Quantitative and Qualitative Methods

Evaluation methodology was born within the research tradition of the social sciences, which was modeled on the positivist tradition of the natural sciences. This tradition—or paradigm, in the Kuhnian sense of a system of shared beliefs or a world view—rested on certain assumptions. Carol Berkenkotter sums up these assumptions as follows:
Social scientists, like physical scientists, are detached from their objects of study.

Investigations of social phenomena can therefore be conducted in a value-neutral fashion, the researcher eliminating all personal bias and preconceptions and employing language that expresses objectivity.

Social science, like the physical sciences, is nomothetic—that is, it is possible to extrapolate from social scientists' data social laws that apply across numerous contexts. (71)
The methodology that has come to be identified with these positivist assumptions is experimental and quantitative, involving careful research designs with controls for variables and statistical formulae for making sense of the data generated; the now-familiar experimental article, the rhetoric of which Charles Bazerman analyzed, not only discusses the outcomes of the experiment but also displays significant data in tables and charts.

While not everyone who uses these methods would subscribe to the positivist epistemology that gave birth to them (for example, see Linda Flower's eloquent discussion of this issue), the methods themselves are still very much alive and are also very much a part of evaluation studies; writing program evaluations are no exception. Witte and Faigley describe several such studies: of Northern Iowa University, which was a comparison between the performance of students who had taken composition and students who had not; the University of California at San Diego, which compared the results of different instructional methods in four writing programs within the university; Miami University, which compared the performance of students in a sentence-combining curriculum to those enrolled in a "traditional" composition course; and the University of Texas (the authors' own study), which compared the performance of students in a "sentence expansion" curriculum with that of students in a "traditional" course. Unfortunately, these evaluations yielded little in the way of useful information.3 As Witte and Faigley say, "Evaluation studies, including our own, which were based on the quantitative model have yielded few major insights concerning the teaching of writing or the operation of writing programs" (38). Quantitative methods by themselves cannot do justice to programs that involve not only students but also faculty, curriculum, and administrative structures.

There has been, however, a paradigm shift in evaluation studies, as described by Lincoln and Guba in two works, Naturalistic Inquiry and the more recent Fourth Generation Evaluation. The new paradigm, which has been described not only as post-positivist but also "hermeneutical" (Hesse), "constructivist" (Guba and Lincoln), and "naturalist" (Lincoln and Guba), calls into question all the basic assumptions of quantitative methodology, proposing instead qualitative (that is, interpretative or ethnographic) methods. Lincoln and Guba contrast the two paradigms4 as follows:

Axiom 1: The nature of reality (ontology)
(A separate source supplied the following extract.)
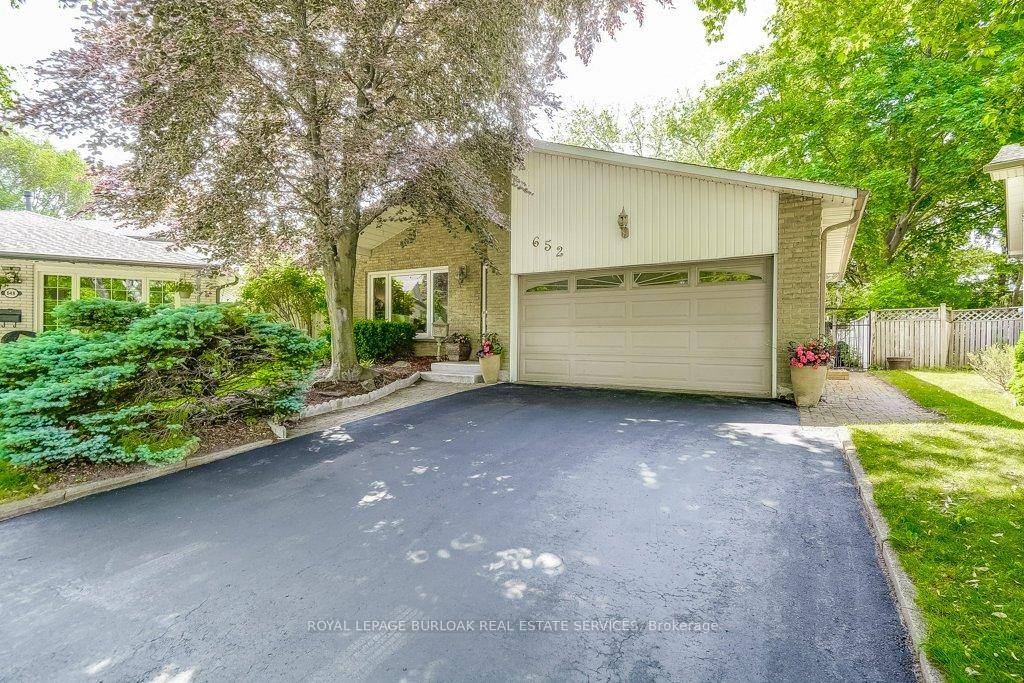 Located on a quiet crescent and set on a large, private lot, this is the perfect family home.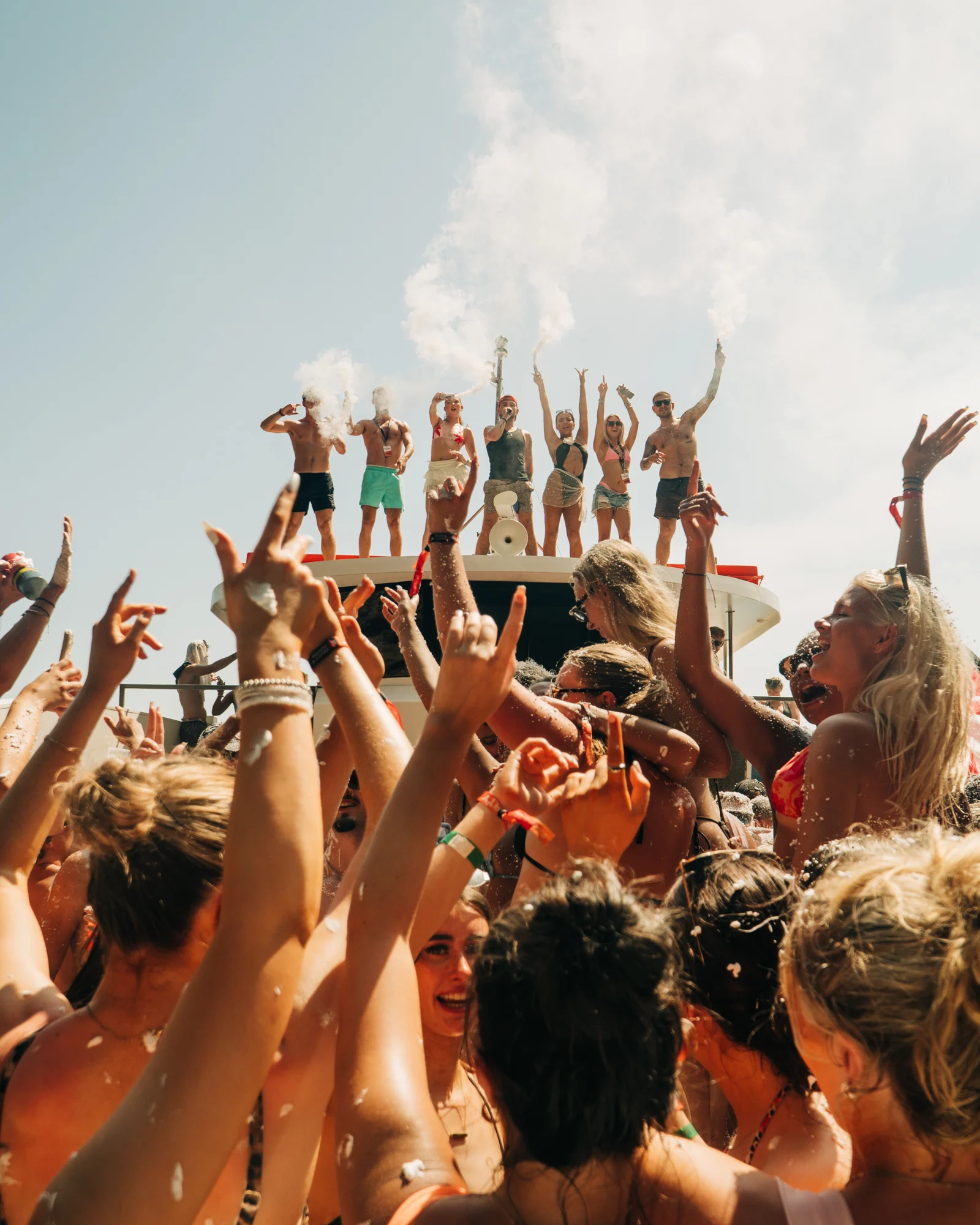 Kavos boat party erupts as dancers take over the top deck, smoke in the air and the crowd below goes off together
Positivist version: There is a single tangible reality "out there" fragmentable into independent variables and processes, any of which can be studied independently of the others; inquiry can converge onto that reality until, finally, it can be predicted and controlled.
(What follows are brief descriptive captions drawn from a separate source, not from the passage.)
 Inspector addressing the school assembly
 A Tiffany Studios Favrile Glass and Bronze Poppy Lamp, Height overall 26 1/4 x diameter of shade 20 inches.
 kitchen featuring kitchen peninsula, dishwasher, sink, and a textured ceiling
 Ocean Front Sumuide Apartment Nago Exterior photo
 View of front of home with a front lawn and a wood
Naturalist version: There are multiple constructed realities that can be studied holistically; inquiry into these multiple realities will inevitably diverge (each inquiry raises more questions than it answers) so that prediction and control are unlikely outcomes although some level of understanding . . . can be achieved.

Axiom 2: The relationship of knower to known (epistemology)

Positivist version: The inquirer and the object of inquiry are independent; the knower and the known constitute a discrete dualism.

Naturalist version: The inquirer and the "object" of inquiry interact to influence one another; knower and known are inseparable.

Axiom 3: The possibility of generalization

Positivist version: The aim of inquiry is to develop a nomothetic [law-based] body of knowledge in the form of generalizations that are truth statements free from both time and context (they will hold anywhere and at any time).

Naturalist version: The aim of inquiry is to develop an ideographic [based on symbol] body of knowledge in the form of "working hypotheses" that describe the individual case.

Axiom 4: The possibility of causal linkages

Positivist version: Every action can be explained as the result (effect) of a real cause that precedes the effect temporally (or is at least simultaneous with it).

Naturalist version: All entities are in a state of mutual simultaneous shaping so that it is impossible to distinguish causes from effects.

Axiom 5: The role of values in inquiry (axiology)

Positivist version: Inquiry is value-free and can be guaranteed to be so by virtue of the objective methodology employed.

Naturalist version: Inquiry is value-bound. (37-38)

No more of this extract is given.